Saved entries
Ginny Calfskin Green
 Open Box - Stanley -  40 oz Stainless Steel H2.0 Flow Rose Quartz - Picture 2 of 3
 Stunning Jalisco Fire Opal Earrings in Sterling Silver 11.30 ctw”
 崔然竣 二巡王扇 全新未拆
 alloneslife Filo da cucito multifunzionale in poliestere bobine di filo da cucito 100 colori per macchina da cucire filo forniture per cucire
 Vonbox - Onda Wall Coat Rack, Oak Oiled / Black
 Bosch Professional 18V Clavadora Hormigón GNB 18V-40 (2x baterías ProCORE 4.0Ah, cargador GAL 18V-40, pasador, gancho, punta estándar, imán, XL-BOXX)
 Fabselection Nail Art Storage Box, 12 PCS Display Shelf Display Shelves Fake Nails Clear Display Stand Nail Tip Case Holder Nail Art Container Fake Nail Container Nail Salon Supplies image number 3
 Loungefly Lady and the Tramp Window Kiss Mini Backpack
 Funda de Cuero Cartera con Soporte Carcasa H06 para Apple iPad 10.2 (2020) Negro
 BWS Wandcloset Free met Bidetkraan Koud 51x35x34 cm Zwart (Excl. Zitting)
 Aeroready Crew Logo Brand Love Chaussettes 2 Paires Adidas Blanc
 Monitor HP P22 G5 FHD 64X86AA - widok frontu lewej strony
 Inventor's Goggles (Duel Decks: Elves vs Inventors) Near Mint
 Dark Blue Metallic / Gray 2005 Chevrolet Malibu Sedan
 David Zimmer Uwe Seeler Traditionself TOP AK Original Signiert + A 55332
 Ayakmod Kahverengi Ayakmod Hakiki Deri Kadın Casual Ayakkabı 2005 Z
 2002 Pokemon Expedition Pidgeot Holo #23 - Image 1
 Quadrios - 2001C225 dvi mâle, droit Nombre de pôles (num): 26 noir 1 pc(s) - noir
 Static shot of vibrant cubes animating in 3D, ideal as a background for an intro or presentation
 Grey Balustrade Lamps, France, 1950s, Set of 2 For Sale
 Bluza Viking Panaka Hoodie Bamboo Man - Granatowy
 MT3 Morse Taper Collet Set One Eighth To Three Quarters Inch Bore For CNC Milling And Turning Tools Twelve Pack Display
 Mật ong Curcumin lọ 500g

▶ Problem statement: Output every entry shown above, exactly.

▶ Worked solution:
Ginny Calfskin Green
 Open Box - Stanley -  40 oz Stainless Steel H2.0 Flow Rose Quartz - Picture 2 of 3
 Stunning Jalisco Fire Opal Earrings in Sterling Silver 11.30 ctw”
 崔然竣 二巡王扇 全新未拆
 alloneslife Filo da cucito multifunzionale in poliestere bobine di filo da cucito 100 colori per macchina da cucire filo forniture per cucire
 Vonbox - Onda Wall Coat Rack, Oak Oiled / Black
 Bosch Professional 18V Clavadora Hormigón GNB 18V-40 (2x baterías ProCORE 4.0Ah, cargador GAL 18V-40, pasador, gancho, punta estándar, imán, XL-BOXX)
 Fabselection Nail Art Storage Box, 12 PCS Display Shelf Display Shelves Fake Nails Clear Display Stand Nail Tip Case Holder Nail Art Container Fake Nail Container Nail Salon Supplies image number 3
 Loungefly Lady and the Tramp Window Kiss Mini Backpack
 Funda de Cuero Cartera con Soporte Carcasa H06 para Apple iPad 10.2 (2020) Negro
 BWS Wandcloset Free met Bidetkraan Koud 51x35x34 cm Zwart (Excl. Zitting)
 Aeroready Crew Logo Brand Love Chaussettes 2 Paires Adidas Blanc
 Monitor HP P22 G5 FHD 64X86AA - widok frontu lewej strony
 Inventor's Goggles (Duel Decks: Elves vs Inventors) Near Mint
 Dark Blue Metallic / Gray 2005 Chevrolet Malibu Sedan
 David Zimmer Uwe Seeler Traditionself TOP AK Original Signiert + A 55332
 Ayakmod Kahverengi Ayakmod Hakiki Deri Kadın Casual Ayakkabı 2005 Z
 2002 Pokemon Expedition Pidgeot Holo #23 - Image 1
 Quadrios - 2001C225 dvi mâle, droit Nombre de pôles (num): 26 noir 1 pc(s) - noir
 Static shot of vibrant cubes animating in 3D, ideal as a background for an intro or presentation
 Grey Balustrade Lamps, France, 1950s, Set of 2 For Sale
 Bluza Viking Panaka Hoodie Bamboo Man - Granatowy
 MT3 Morse Taper Collet Set One Eighth To Three Quarters Inch Bore For CNC Milling And Turning Tools Twelve Pack Display
 Mật ong Curcumin lọ 500g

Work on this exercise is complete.